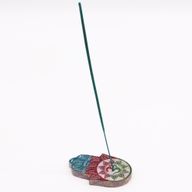 Soapstone Hamsa Incense Holder 9x6cm -OM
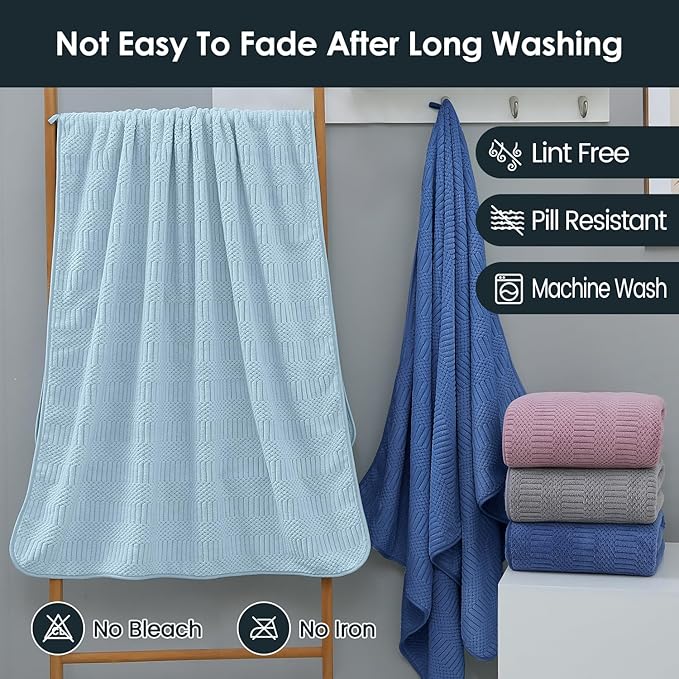 JML Microfiber Bath Towels, Large Bathroom Towel 2 Pack (30" x 60"), Oversized, Soft, Super Absorbent and Fast Drying, Multipurpose Use for Sport, Fitness, Yoga, Diamond Cross Grid Navy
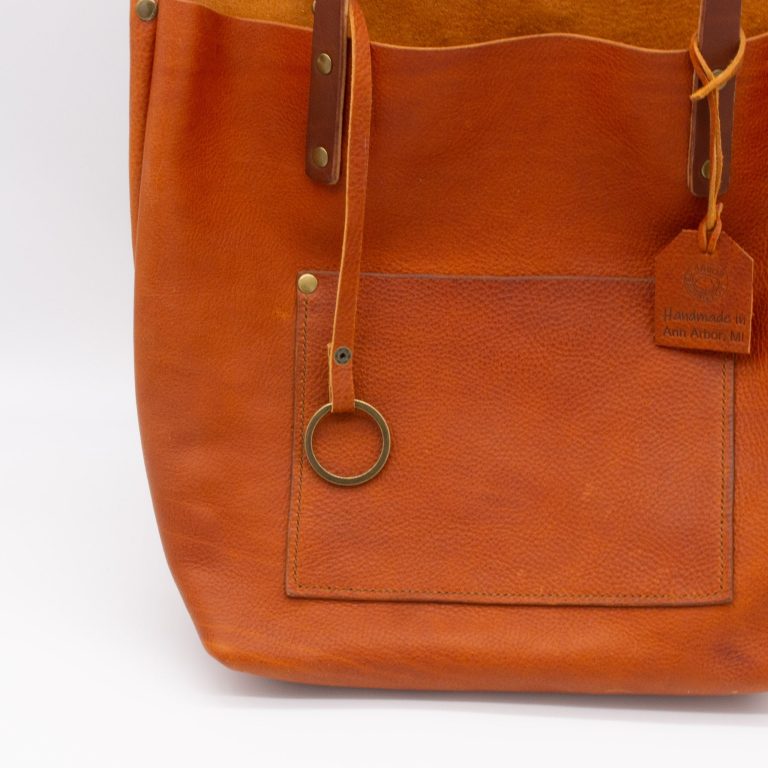 Medium Soft Pebbled Leather Everyday Tote Bag - Rustic Orange - Image 4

Problem description: As you output the material, omit the pictures but alter nothing else.

Expected answer:
 Soapstone Hamsa Incense Holder 9x6cm -OM
 JML Microfiber Bath Towels, Large Bathroom Towel 2 Pack (30" x 60"), Oversized, Soft, Super Absorbent and Fast Drying, Multipurpose Use for Sport, Fitness, Yoga, Diamond Cross Grid Navy
 Medium Soft Pebbled Leather Everyday Tote Bag - Rustic Orange - Image 4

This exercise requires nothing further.